Protestors hold a peaceful rally in Palm Beach Gardens, Florida October 22, 2015. REUTERS/Zachary Fagenson

(Reuters) Mourners called for justice on Saturday at the funeral of Florida musician Corey Jones, who was shot and killed by a plainclothes police officer after his car broke down on a highway off-ramp.

The death of the 31-year-old Jones is the latest fatal incident across the country involving police and black men. It has sparked anger and calls for greater transparency, as local law enforcement officials have been slow releasing details about the Oct. 18 shooting.

“We’re going to go to Washington and not stopping until a bill is passed that’s going to stop this brutality,” said Jones’ uncle Steven Banks at the funeral. “I won’t let it go until they swipe the pen and change is made.”

The Rev. Al Sharpton, a prominent activist, media and civil rights figure, echoed that outrage as he delivered the eulogy for Jones.

“If we do not stop this policing problem it doesn’t matter if it’s a rich area, a poor area, a white area, a black area, this has got to stop because it’s going on everywhere,” Sharpton said.

Jones was waiting for a tow truck beside a highway off-ramp at 3 a.m. when Palm Beach Gardens police officer Nouman Raja, 38, pulled up in an unmarked van. A confrontation ensued and Raja fired six shots hitting Jones three times, authorities said.

Jones never fired the .380 caliber handgun recovered at the scene, according to the Palm Beach County state attorney’s office.
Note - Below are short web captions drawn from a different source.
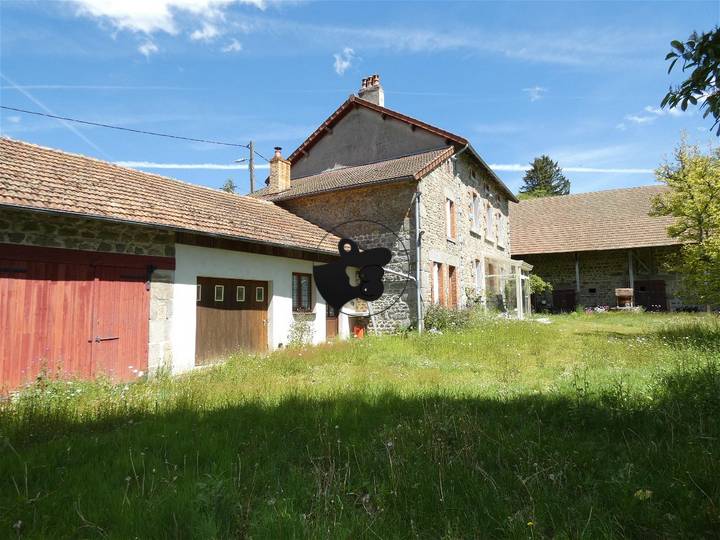 5 bedrooms house for sale in Creuse (23), France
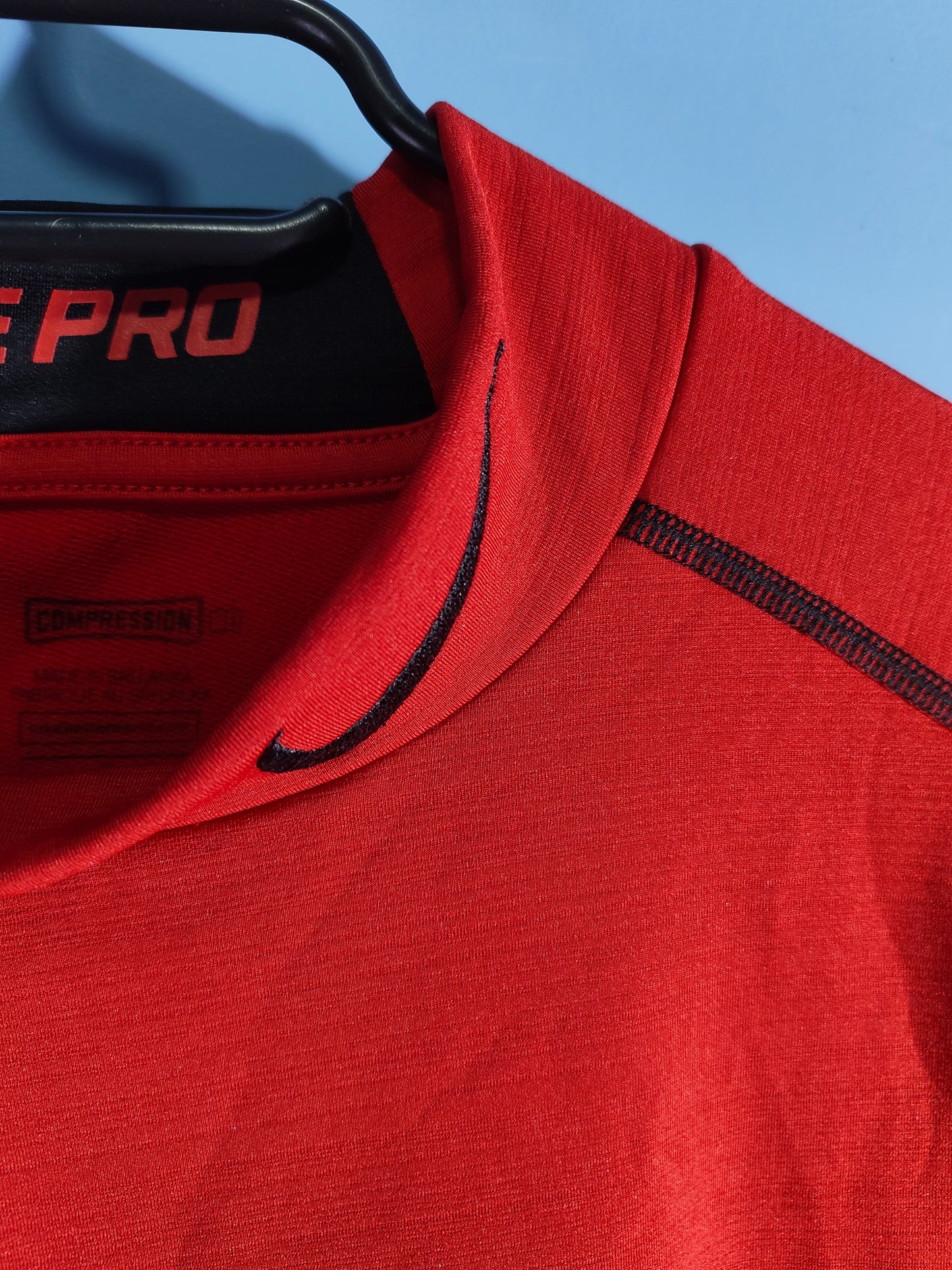 NIKE Pro Блуза/Мъжка М/Л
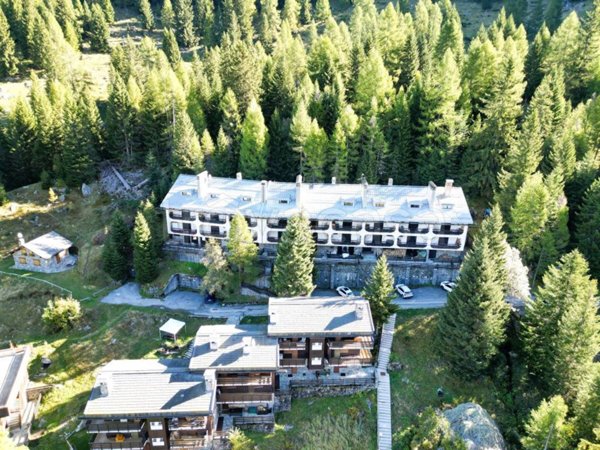 appartamento in vendita a Gerola Alta in zona Pescegallo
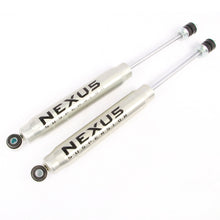 Load image into Gallery viewer, NEXUS SUSPENSION Rear Shock Absorber Fit Toyota 4Runner 2003-2022 about 0-3" Lift Pair Zinc Plated Coating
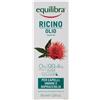 Equilibra Olio di Ricino Capelli Unghie Sopracciglia 100 ml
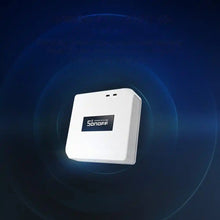 Заредете изображение във визуализатора на галерията – Sonoff RF Bridge R2 white ( 2gen RF 433MHz bridge) - TopMag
He had a concealed permit for the gun, which he had purchased legally three days earlier.

After meeting with the state’s attorney last week, family lawyer Benjamin Crump said Raja, who is of South Asian descent, had told authorities he never identified himself to Jones as a police officer.

“If he would’ve just said ‘I’m the police,’ he didn’t have to show a badge … My brother would’ve laid on the ground,” Jones’ brother CJ Jones said during the funeral.

The state attorney’s office, the Palm Beach County Sheriff’s Office, and the FBI are investigating the shooting.

Raja, who had been hired by the upscale community’s police department in April, had previously been investigating robberies in the area. He has since been placed on administrative leave with pay.

Telephone records obtained by the Palm Beach Post newspaper show that Jones had been on a 53-minute phone call with AT&T roadside assistance at the time of the shooting.